Additional technical details for this skill

author
Mark Joshwel <mark@joshwel.co>
version
2026.2.2
requires
python>=3.10

SKILL.md

Python Development Standards (Mark)

Python-specific standards following modern tooling and type-safe practices.

Goal

Guide Python development with modern tooling (UV, basedpyright, ruff) and consistent patterns.

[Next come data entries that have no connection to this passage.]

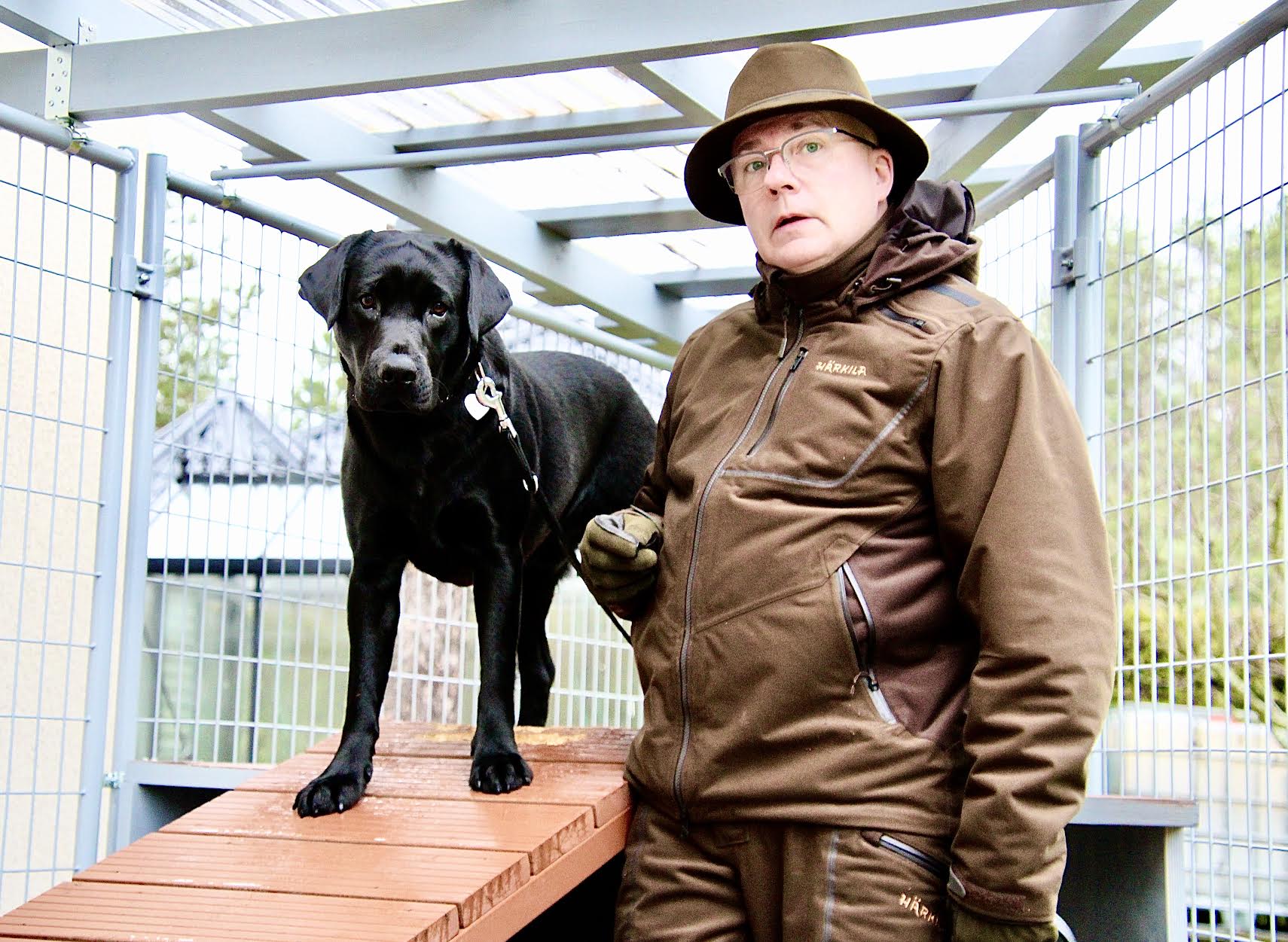 Ari Lustila koos labrador Väinöga oma Võru kodu õues. Fotod: KALEV ANNOM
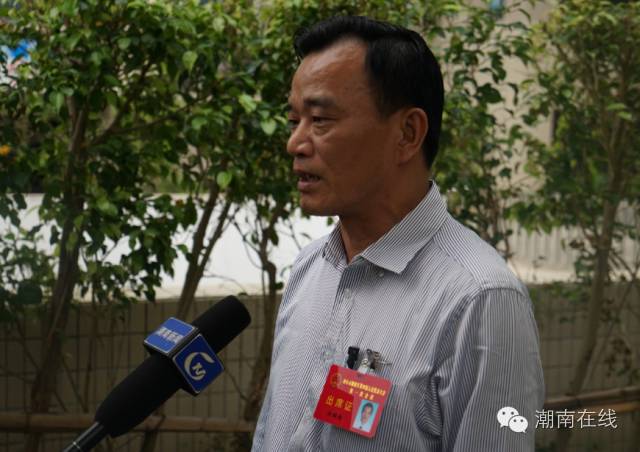 洪锦南2陈俊峰代区长所作的《政府工作报告》回顾总结了区第三届人民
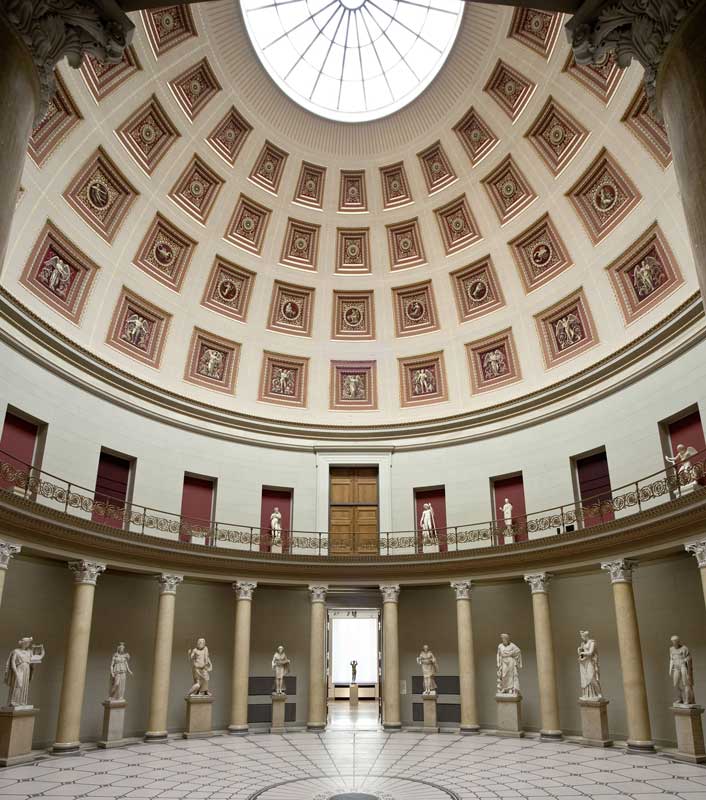 Amura,AmuraWorld,AmuraYachts, Estatuas clásicas en la rotonda de la entrada principal del Altes Museum, diseñadas por Karl Friedrich Schinkel. El espacio con columnas y su magnífica cúpula casetonada se inspiró en el Panteón de Roma. Museos Estatales de Berlín, Colección de Antigüedades. Foto: Johannes Laurentius.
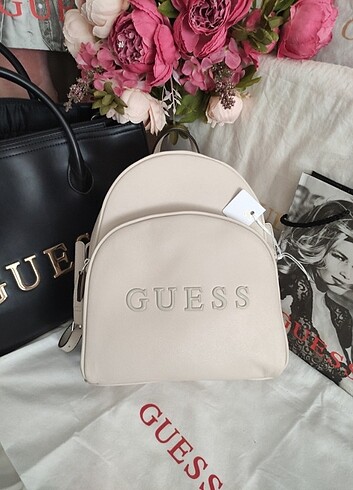 Orijinal Guess Çok Şık Yeni Etiketli Krem Sırt Çantası 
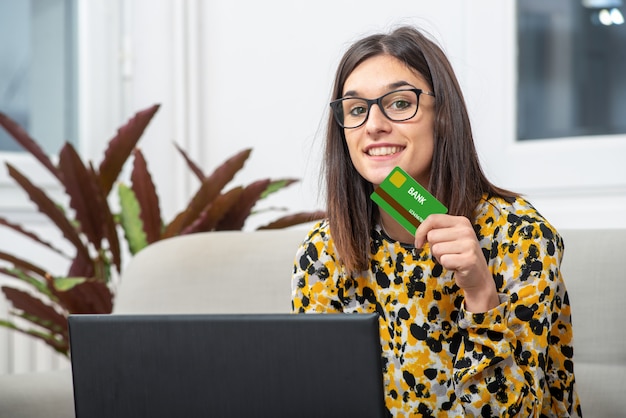 Mujer morena joven comprando con internet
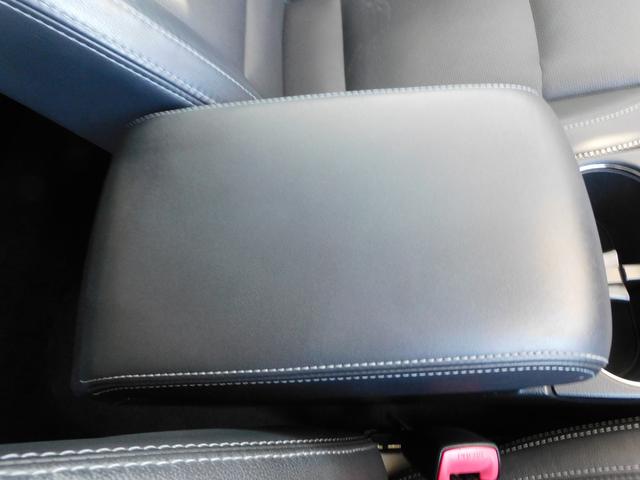 レガシィアウトバック Limited EyeSight搭載車 SDナビ Rカメラ SDナビ リヤビューカメラ ETC ドライブレコーダー ステアリングオーディオリモコン パワーリヤゲート 運転席・助手席・後席シートヒーター オートライト&オートワイパー(25枚目)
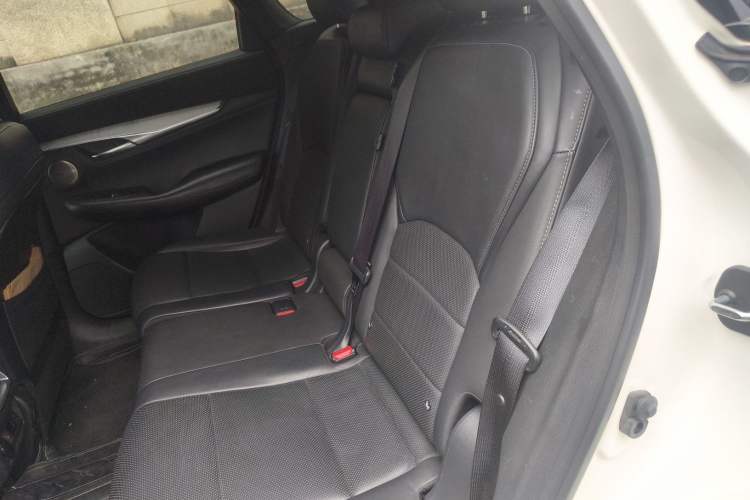 Used Infiniti QX50 2018 2.0T Four-Wheel Drive Luxury Edition Interior 4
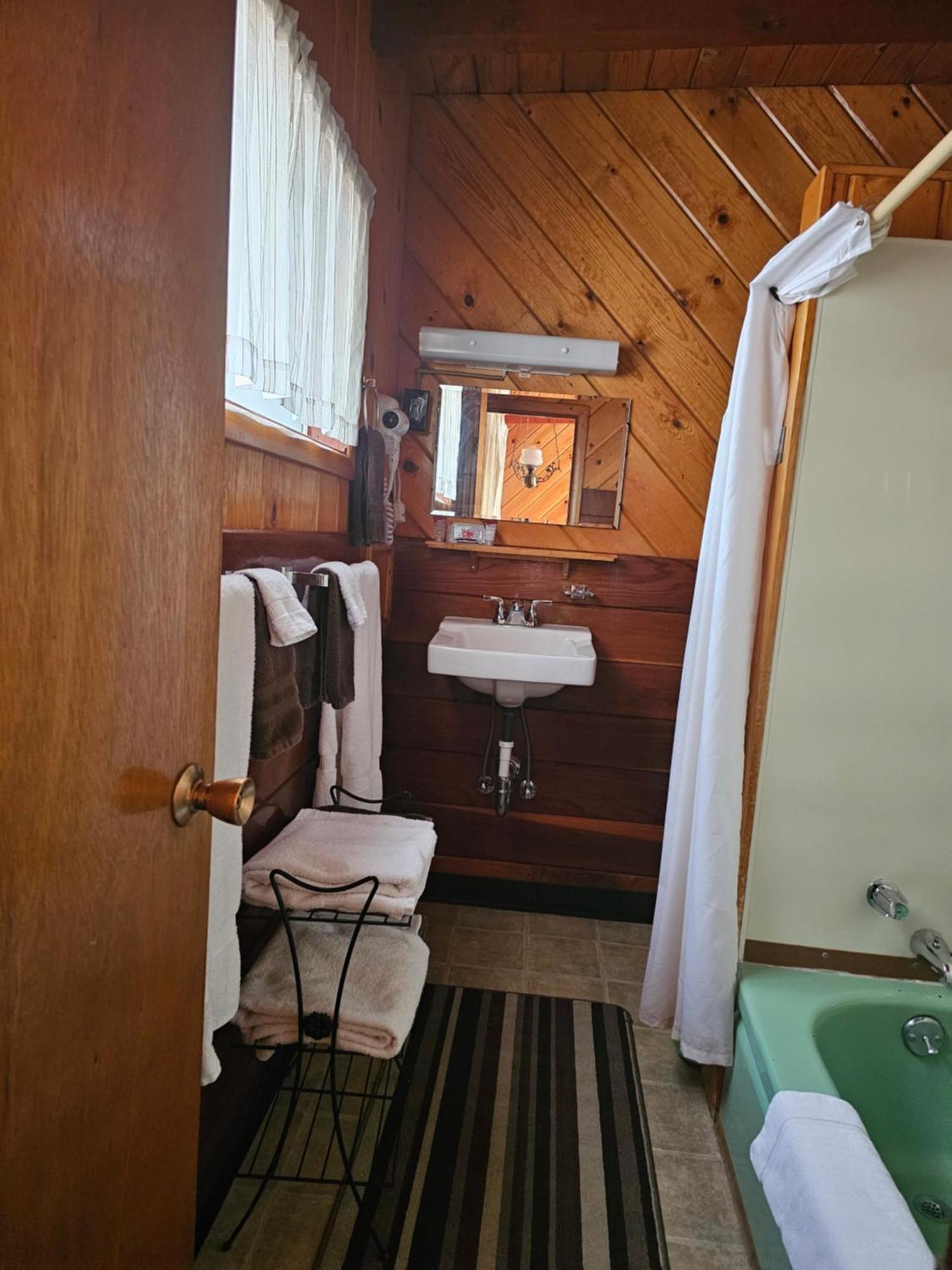 Toiyabe Motel Walker Zewnętrze zdjęcie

Ensure type-safe code with proper annotations, enforce Python 3.10+ syntax, and maintain documentation quality through Meadow Docstring Format (MDF).

When to Use This Skill

Use this skill when:

  • Writing or editing Python code (.py files)
  • Setting up a new Python project
  • Adding type annotations to existing code
  • Running Python type checkers or linters
  • Working with Python package management (UV)
  • Creating Python docstrings
  • Refactoring Python code for type safety
  • Writing Python scripts or CLI tools

Do NOT use this skill when:

  • Working with other programming languages
  • The project uses older Python (< 3.10) without migration plans
  • The codebase has existing patterns that explicitly override these standards
  • Project already uses poetry/pipenv with no intent to migrate
  • One-off throwaway scripts without type checking requirements

Process

Step 1: Identify Project Context

Check the existing project structure:

bash
# Check what the project uses
ls pyproject.toml  # UV/poetry/pipenv
ls poetry.lock     # Poetry
ls Pipfile         # Pipenv
ls requirements.txt # pip
ls .python-version  # Python version
  • Identify Python version target (default to 3.10+)
  • Check for existing AGENTS.md and read it
  • Understand codebase patterns from existing files
  • Default to UV for new projects

Step 2: Project Management with UV

Use UV, not pip:

bash
# Project setup
uv init
uv add <package>
uv remove <package>

# Running commands
uv run <command>

# Quick tool invocation without installing
uvx <tool>

Do NOT use:

  • pip install — use uv add instead
  • pip freeze — use uv pip freeze or check pyproject.toml
  • poetry add — use uv add instead (unless project uses poetry)
  • pipenv install — use uv add instead (unless project uses pipenv)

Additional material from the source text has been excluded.